Le quartier était enlacé par la nuit qui l'embrassait, tandis que les lampadaires éclairaient les impasses, tel un festival.
C'était la ville de l'amour, et je me demandais bien pourquoi les battements de mon cœur, se retrouvaient à cet endroit. Je me questionnais sur l'authenticité de mes sentiments pour oser déambuler dans les rues qui défilaient.
Moi qui avais pour pire ennemi l'amour et comme fiancé le travail à l'état pur.
On dit souvent que dans la vie, afin de réussir, il faut aimer ce que l'on fait, il faut persévérer et être déterminé.
Eh bien, moi, j'avais troqué l'amour de ce que j'exécutais contre de la passion.
Mes faits et gestes en effet n'étaient effectués que par de brûlants désirs de réussir.
Je me tenais face à Gérald, ce nouvel homme manquant d'affection qui dépensait des millions en échange de ma charmante présence.
En échange de la compagnie de cette jeune femme noire que j'étais. Peut-être pas comme une barre de chocolat, mais sûrement comme le charbon dont on a besoin afin de déclencher un feu.
Je suis noire.

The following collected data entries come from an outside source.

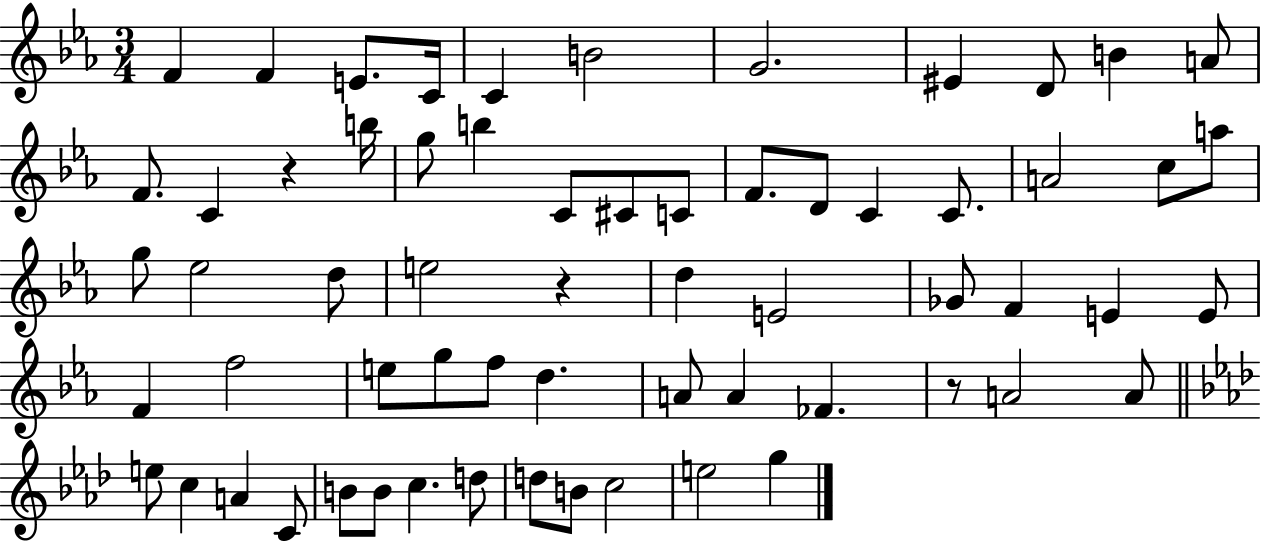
{
  \clef treble
  \numericTimeSignature
  \time 3/4
  \key ees \major
  \repeat volta 2 { f'4 f'4 e'8. c'16 | c'4 b'2 | g'2. | eis'4 d'8 b'4 a'8 | \break f'8. c'4 r4 b''16 | g''8 b''4 c'8 cis'8 c'8 | f'8. d'8 c'4 c'8. | a'2 c''8 a''8 | \break g''8 ees''2 d''8 | e''2 r4 | d''4 e'2 | ges'8 f'4 e'4 e'8 | \break f'4 f''2 | e''8 g''8 f''8 d''4. | a'8 a'4 fes'4. | r8 a'2 a'8 | \break \bar "||" \break \key aes \major e''8 c''4 a'4 c'8 | b'8 b'8 c''4. d''8 | d''8 b'8 c''2 | e''2 g''4 | \break } \bar "|."
}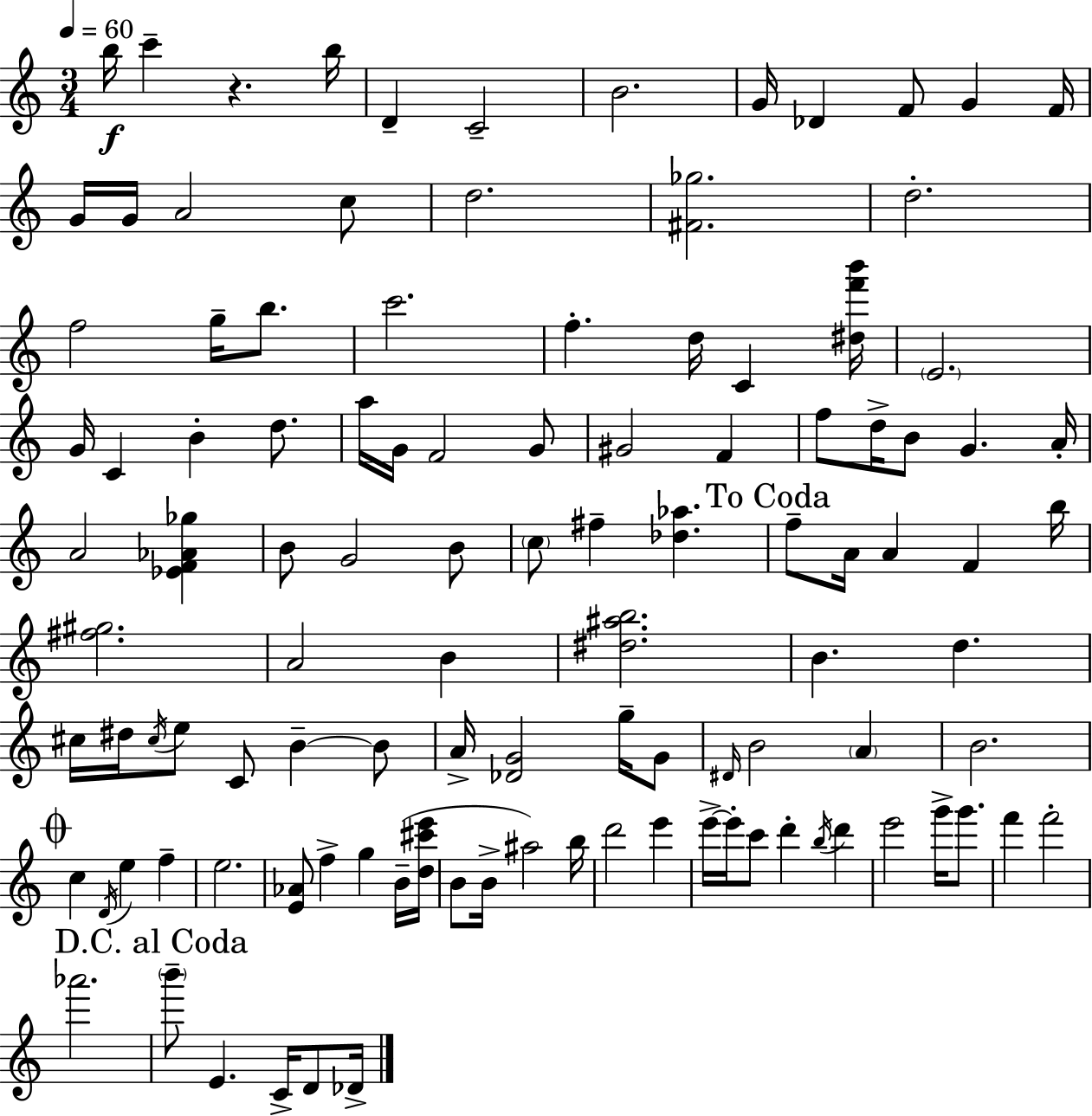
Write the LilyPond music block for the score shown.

{
  \clef treble
  \numericTimeSignature
  \time 3/4
  \key c \major
  \tempo 4 = 60
  \repeat volta 2 { b''16\f c'''4-- r4. b''16 | d'4-- c'2-- | b'2. | g'16 des'4 f'8 g'4 f'16 | \break g'16 g'16 a'2 c''8 | d''2. | <fis' ges''>2. | d''2.-. | \break f''2 g''16-- b''8. | c'''2. | f''4.-. d''16 c'4 <dis'' f''' b'''>16 | \parenthesize e'2. | \break g'16 c'4 b'4-. d''8. | a''16 g'16 f'2 g'8 | gis'2 f'4 | f''8 d''16-> b'8 g'4. a'16-. | \break a'2 <ees' f' aes' ges''>4 | b'8 g'2 b'8 | \parenthesize c''8 fis''4-- <des'' aes''>4. | \mark "To Coda" f''8-- a'16 a'4 f'4 b''16 | \break <fis'' gis''>2. | a'2 b'4 | <dis'' ais'' b''>2. | b'4. d''4. | \break cis''16 dis''16 \acciaccatura { cis''16 } e''8 c'8 b'4--~~ b'8 | a'16-> <des' g'>2 g''16-- g'8 | \grace { dis'16 } b'2 \parenthesize a'4 | b'2. | \break \mark \markup { \musicglyph "scripts.coda" } c''4 \acciaccatura { d'16 } e''4 f''4-- | e''2. | <e' aes'>8 f''4-> g''4 | b'16--( <d'' cis''' e'''>16 b'8 b'16-> ais''2) | \break b''16 d'''2 e'''4 | e'''16->~~ e'''16-. c'''8 d'''4-. \acciaccatura { b''16 } | d'''4 e'''2 | g'''16-> g'''8. f'''4 f'''2-. | \break aes'''2. | \mark "D.C. al Coda" \parenthesize b'''8-- e'4. | c'16-> d'8 des'16-> } \bar "|."
}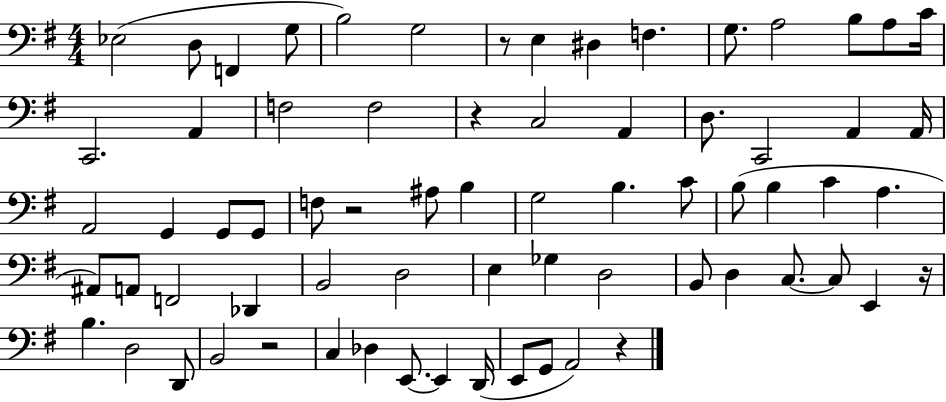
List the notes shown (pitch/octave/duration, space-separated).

Eb3/h D3/e F2/q G3/e B3/h G3/h R/e E3/q D#3/q F3/q. G3/e. A3/h B3/e A3/e C4/s C2/h. A2/q F3/h F3/h R/q C3/h A2/q D3/e. C2/h A2/q A2/s A2/h G2/q G2/e G2/e F3/e R/h A#3/e B3/q G3/h B3/q. C4/e B3/e B3/q C4/q A3/q. A#2/e A2/e F2/h Db2/q B2/h D3/h E3/q Gb3/q D3/h B2/e D3/q C3/e. C3/e E2/q R/s B3/q. D3/h D2/e B2/h R/h C3/q Db3/q E2/e. E2/q D2/s E2/e G2/e A2/h R/q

Tout en moi l'était d'ailleurs. Ma peau, mon âme, ainsi que mon cœur.
J'avais des yeux qui paraissaient être, eux aussi, ténébreux et une taille de guêpe comme silhouette. De cela, je me servais pour piquer les hommes qui s'approchaient de moi, et je les rendais malades, ivres, ou même encore, fous.
Avec mon venin, tel un serpent, ils étaient mordus, retrouvant, pour leur plus grand bonheur, sporadiquement le chemin de la guérison.
Pendant que moi, de l'autre côté, je ressentais rarement des choses.
Malgré le métier que j'exerçais, j'en riais toujours de ces personnes qui pensaient que les femmes devaient gagner la totalité de leurs argents dans les poches des hommes.
Et vous me direz sûrement que je suis le comble de ma philosophie vue mon train de vie.
Mais détrompez-vous, je rendais juste service, selon moi.
La misère m'avait longtemps prise par le coup alors, je savais comment ces humains désespérés se sentaient.
Et parce que mon temps valait de l'or, je tarifais ces hommes en conséquence.
De toute façon, qui travaillerait à la sueur de son front sans salaire ?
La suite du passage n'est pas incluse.